Le yamadori est l'art du bonsaï prélevé en nature. Un arbre formé par des décennies de vent, de soleil, de roche, déjà compact, déjà tortueux. Le yamadori a une présence que les bonsaïs cultivés en pépinière n'auront jamais. Mais c'est une pratique encadrée — et qui demande de la rigueur.
Cadre légal en France
Le prélèvement d'un arbre en nature n'est jamais libre :
En forêt publique (ONF) : interdit sans autorisation. Une demande écrite peut être faite, mais elle est rarement accordée.
En forêt privée : nécessite l'accord écrit du propriétaire.
En espace naturel protégé (parc national, réserve, Natura 2000) : interdit absolu.
En terrain agricole privé : avec accord du propriétaire.
Espèces protégées (if, certains genévriers protégés) : interdit même sur terrain privé.
Les espèces françaises intéressantes
Genévrier sabine et oxycèdre (Juniperus sabina, J. oxycedrus) — montagnes méditerranéennes.
Pin sylvestre, pin à crochets — moyenne montagne.
Charme, hêtre, érable champêtre — campagnes, friches en évolution.

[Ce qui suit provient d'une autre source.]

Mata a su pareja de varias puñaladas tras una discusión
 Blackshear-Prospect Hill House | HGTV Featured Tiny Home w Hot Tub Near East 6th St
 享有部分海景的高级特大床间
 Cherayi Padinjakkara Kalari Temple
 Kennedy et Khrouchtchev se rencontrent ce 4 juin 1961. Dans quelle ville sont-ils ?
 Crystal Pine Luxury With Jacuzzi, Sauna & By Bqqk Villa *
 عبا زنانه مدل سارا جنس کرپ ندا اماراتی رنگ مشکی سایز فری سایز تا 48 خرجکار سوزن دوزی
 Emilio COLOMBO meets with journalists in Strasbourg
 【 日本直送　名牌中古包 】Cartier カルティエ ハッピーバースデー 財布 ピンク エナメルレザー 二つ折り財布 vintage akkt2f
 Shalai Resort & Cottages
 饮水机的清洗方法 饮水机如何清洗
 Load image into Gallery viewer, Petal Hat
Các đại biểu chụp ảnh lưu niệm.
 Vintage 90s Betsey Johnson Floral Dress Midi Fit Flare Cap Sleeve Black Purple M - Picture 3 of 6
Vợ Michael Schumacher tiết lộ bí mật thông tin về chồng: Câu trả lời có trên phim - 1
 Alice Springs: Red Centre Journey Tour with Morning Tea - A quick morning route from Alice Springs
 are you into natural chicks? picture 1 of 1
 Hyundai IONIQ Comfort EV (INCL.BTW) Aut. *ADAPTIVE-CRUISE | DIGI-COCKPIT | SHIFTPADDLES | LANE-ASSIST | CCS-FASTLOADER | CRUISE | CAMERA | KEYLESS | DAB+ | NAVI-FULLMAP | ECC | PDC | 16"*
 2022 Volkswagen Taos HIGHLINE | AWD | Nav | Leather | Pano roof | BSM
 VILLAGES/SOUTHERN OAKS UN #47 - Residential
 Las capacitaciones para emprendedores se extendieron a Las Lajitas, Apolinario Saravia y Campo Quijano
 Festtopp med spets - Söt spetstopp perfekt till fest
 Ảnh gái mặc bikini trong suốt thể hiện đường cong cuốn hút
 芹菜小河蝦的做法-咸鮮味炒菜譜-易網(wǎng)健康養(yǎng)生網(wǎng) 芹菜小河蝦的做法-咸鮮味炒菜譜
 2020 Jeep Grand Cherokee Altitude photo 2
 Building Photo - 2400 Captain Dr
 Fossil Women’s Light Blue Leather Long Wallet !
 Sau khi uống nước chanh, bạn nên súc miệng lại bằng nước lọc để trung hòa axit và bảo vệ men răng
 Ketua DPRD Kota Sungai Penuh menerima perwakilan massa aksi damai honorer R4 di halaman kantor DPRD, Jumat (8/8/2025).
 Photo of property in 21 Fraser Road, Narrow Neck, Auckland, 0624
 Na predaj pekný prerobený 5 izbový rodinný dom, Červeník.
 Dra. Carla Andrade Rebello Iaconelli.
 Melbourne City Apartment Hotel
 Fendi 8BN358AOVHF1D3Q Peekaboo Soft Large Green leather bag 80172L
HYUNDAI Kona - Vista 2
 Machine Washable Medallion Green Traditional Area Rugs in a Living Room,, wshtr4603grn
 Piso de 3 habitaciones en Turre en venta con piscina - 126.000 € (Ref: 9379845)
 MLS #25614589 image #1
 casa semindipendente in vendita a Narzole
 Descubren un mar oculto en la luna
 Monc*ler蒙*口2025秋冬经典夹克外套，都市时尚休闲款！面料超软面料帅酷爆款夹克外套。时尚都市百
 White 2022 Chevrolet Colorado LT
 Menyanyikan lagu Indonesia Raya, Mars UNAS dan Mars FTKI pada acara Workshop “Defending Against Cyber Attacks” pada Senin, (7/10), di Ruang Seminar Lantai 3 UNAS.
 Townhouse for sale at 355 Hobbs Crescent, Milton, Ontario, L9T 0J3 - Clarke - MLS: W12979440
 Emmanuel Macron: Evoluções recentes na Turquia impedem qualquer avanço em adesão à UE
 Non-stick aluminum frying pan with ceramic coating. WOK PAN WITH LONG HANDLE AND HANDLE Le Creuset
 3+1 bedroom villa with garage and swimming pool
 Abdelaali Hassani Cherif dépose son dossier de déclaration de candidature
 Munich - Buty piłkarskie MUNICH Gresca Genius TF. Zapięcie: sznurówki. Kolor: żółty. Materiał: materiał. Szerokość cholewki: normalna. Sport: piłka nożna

Olivier — souches de défrichage agricole (intérêt PACA, Languedoc).
Aubépine — bocage.
Un olivier à tronc patiné — patience et discrétion.
Période de prélèvement
Le moment idéal : fin d'hiver / tout début de printemps (février-mars), juste avant le redémarrage de la végétation. L'arbre est en dormance, le stress de la transplantation est minimum, et il aura toute la saison pour reprendre.
Méthode
Repérage en automne ou hiver précédent.
Marquage de l'orientation (un cordon nord-sud).
Cernage idéalement 6 à 12 mois avant le prélèvement : on creuse un cercle autour du tronc, on coupe les grosses racines, on rebouche. L'arbre forme alors des racines fines à proximité du tronc.
Prélèvement : sortir avec un volume de terre maximum.
Transport : envelopper la motte, ne pas laisser sécher.
Plantation en bac de reprise (substrat très drainant), mi-ombre, arrosage minimum, surveillance 2 ans.
Alternative légale et éthique : les « pépinières yamadori »
Certains pépiniéristes spécialisés cultivent des arbres en pleine terre pendant 20-30 ans, puis les transforment en yamadori « domestiqués ». Pas la même présence qu'un vrai prélèvement de montagne, mais zéro problème légal et qualité garantie. Quelques adresses dans l'annuaire.
Avertissement. Le prélèvement sauvage non autorisé est un délit. La pratique sérieuse du yamadori passe nécessairement par l'autorisation explicite du propriétaire, et le respect des espèces protégées. Renseignez-vous auprès des clubs locaux avant de partir avec une pioche.